• _THE DATA_
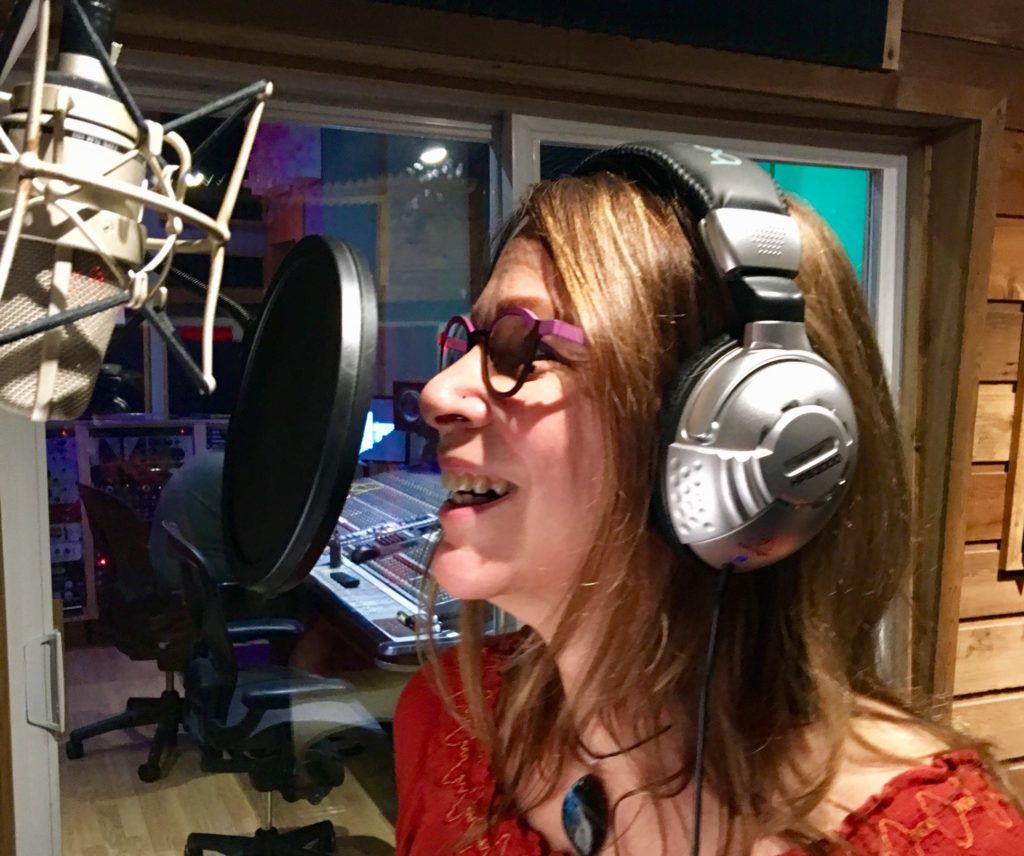Phebe Phillips recording an audio book in a recording studio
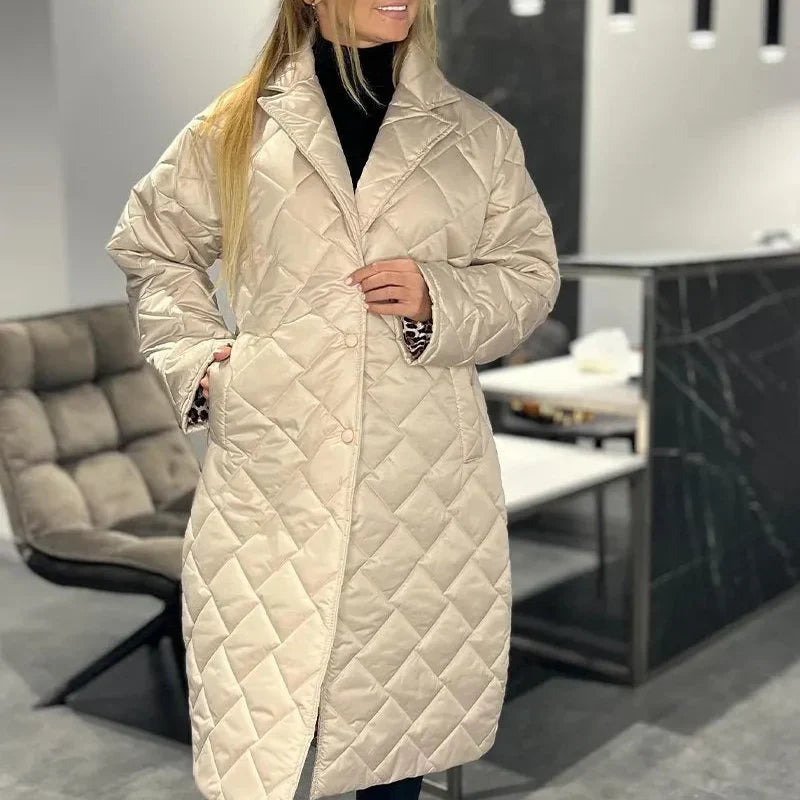 Beige quilted long winter coat with zip front and high collar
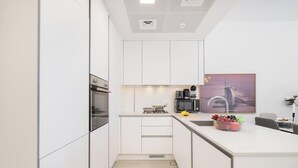 Eine moderne Küche mit weißen Schränken, einem Backofen, einer Kaffeemaschine und einem Spülbecken mit Obstschale.
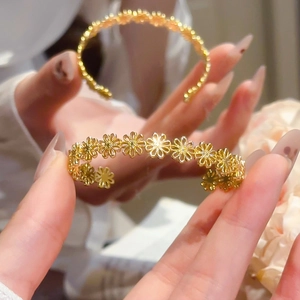 Detailed close-up of golden hollow daisy flower patterns on elegant open cuff bracelet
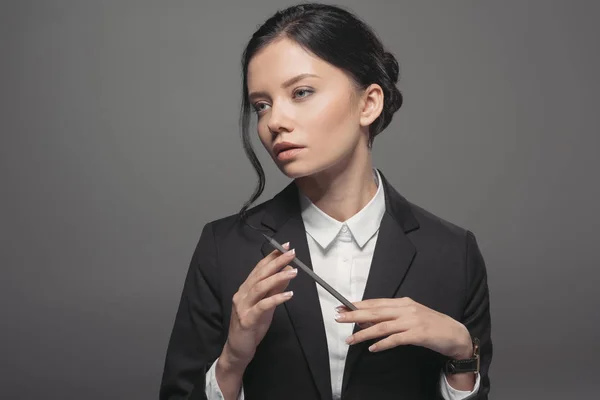 Businesswoman holding pencil — Stock Photo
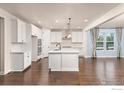 Bright open kitchen features a large center island, white cabinets, hardwood floors, and stainless steel appliances at 4631 Lakeside Dr, Firestone, CO 80504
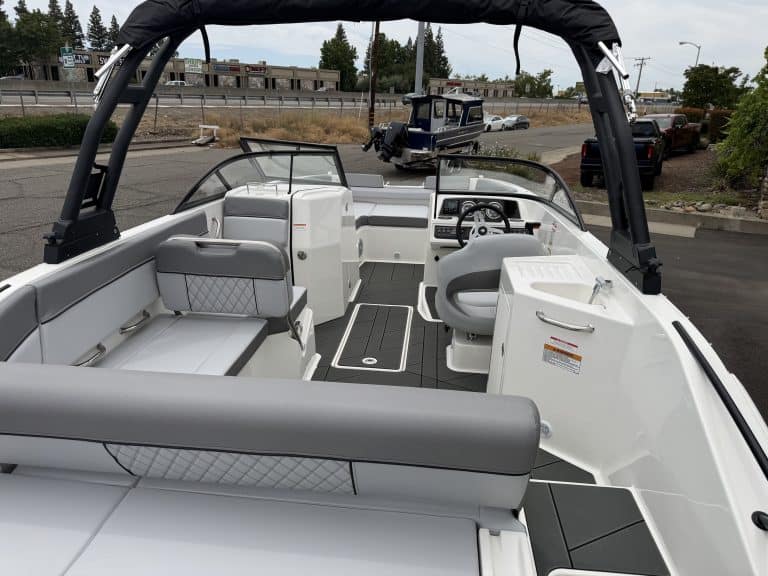 Recreational boat interior featuring steering console, seating, and canopy for outdoor adventures.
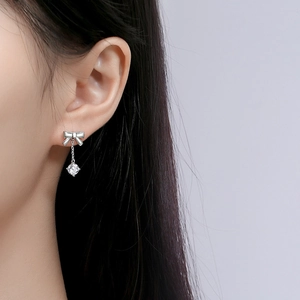 Elegant 925 sterling silver bow earrings with hanging round zircon pendant on model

• _WHAT YOU SHOULD DO_
Your answer must be an exact copy of the records, with every picture left out.

• _EXERCISE ANSWER_
Phebe Phillips recording an audio book in a recording studio
 Beige quilted long winter coat with zip front and high collar
 Eine moderne Küche mit weißen Schränken, einem Backofen, einer Kaffeemaschine und einem Spülbecken mit Obstschale.
 Detailed close-up of golden hollow daisy flower patterns on elegant open cuff bracelet
 Businesswoman holding pencil — Stock Photo
 Bright open kitchen features a large center island, white cabinets, hardwood floors, and stainless steel appliances at 4631 Lakeside Dr, Firestone, CO 80504
 Recreational boat interior featuring steering console, seating, and canopy for outdoor adventures.
 Elegant 925 sterling silver bow earrings with hanging round zircon pendant on model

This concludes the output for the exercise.